認定審査会に伝わる特記を書くPart2|認知症高齢者の日常生活自立度
1次判定への影響
認知症高齢者の日常生活自立度は、ランクⅢ以上の場合は障害高齢者の日常生活自立度によっては「認知症加算」の対象になり得るので、1次判定への影響は大きいと言えます。

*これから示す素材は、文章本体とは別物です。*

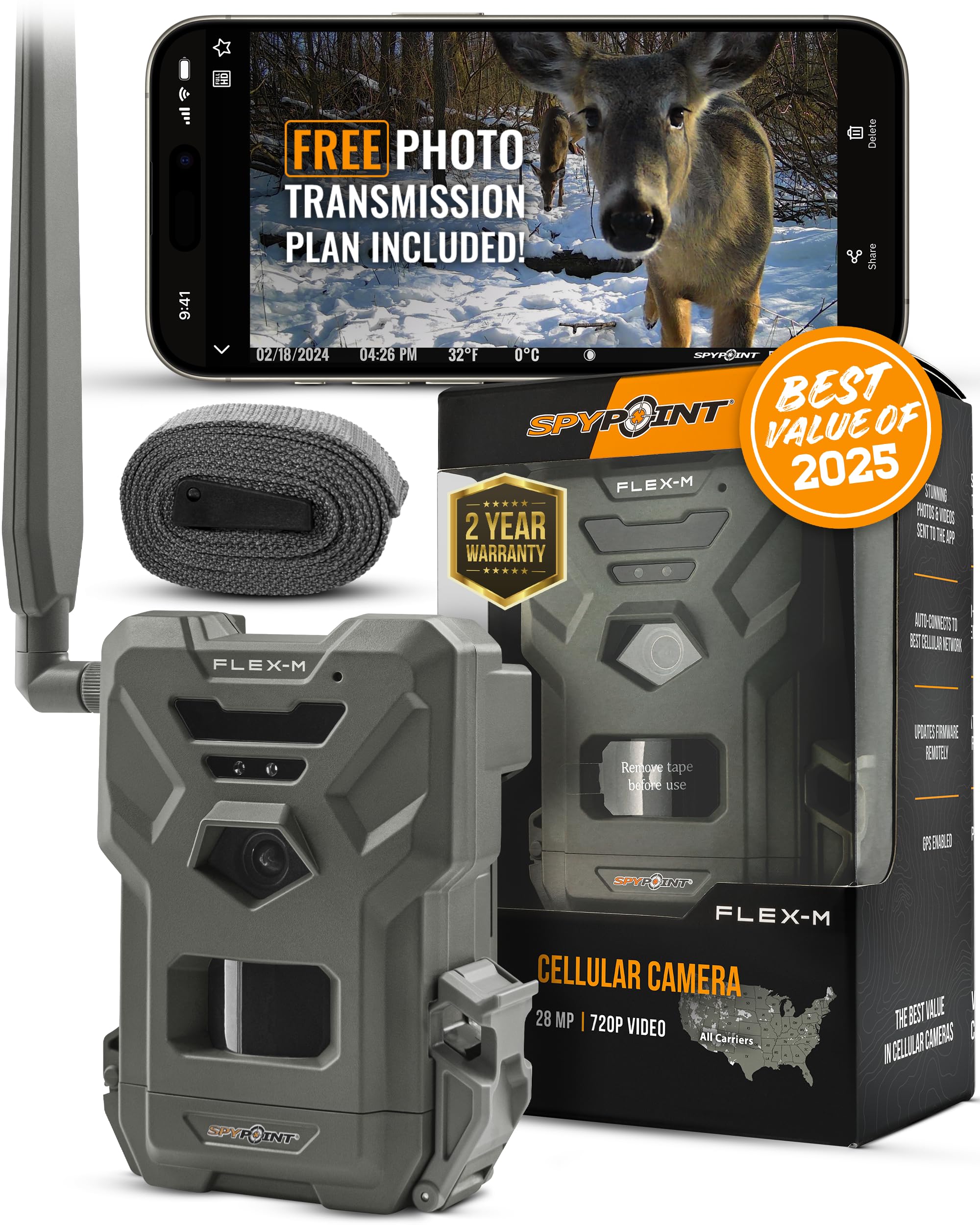 SPYPOINT Flex-M front view shows rugged field-ready housing for reliable scouting.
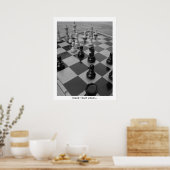 "Faites votre mouvement..." Échecs B&W poster (Cuisine)
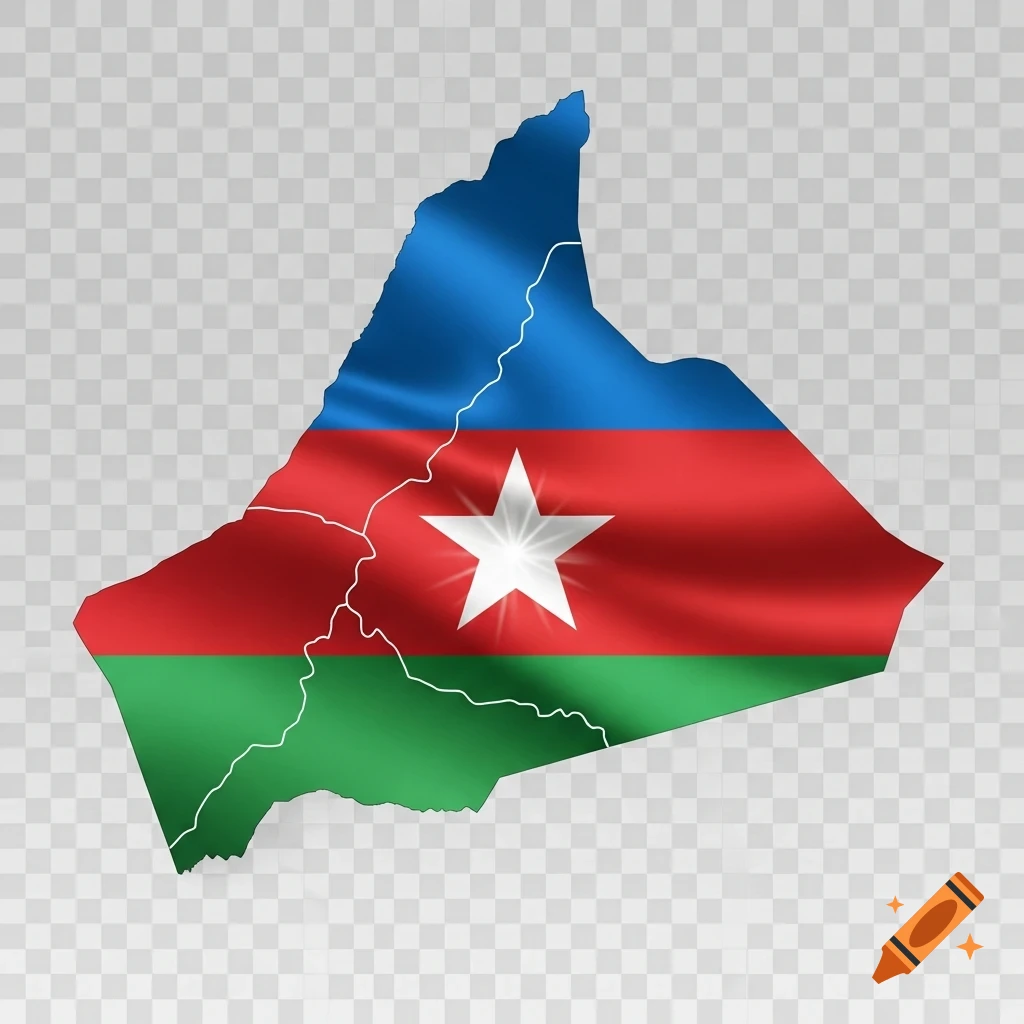 A map outline filled with the Ogaden flag: blue, red, and green horizontal stripes with a white star, on a transparent background.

また、介護現場での介護報酬でも、通所サービスやグループホームを対象に「認知症加算」があります。そしてその対象は、主治医意見書に記載された「日常生活自立度のランクⅢ、Ⅳ、M」に該当する者になりますが、もし主治医意見書に認知症高齢者日常生活自立度の記載がない場合は認定調査員の判定を使用することになっています。
ポイント
・判定理由には、特記に記載がない認知症状や周辺症状を持ってくることはしないようにします。
判定理由の特記には、基本項目の特記事項に記載してあることを要約して載せるのが原則です。
・判定基準となる介護の方法や必要性については、身体的な理由ではなく、認知症の観点から判断します。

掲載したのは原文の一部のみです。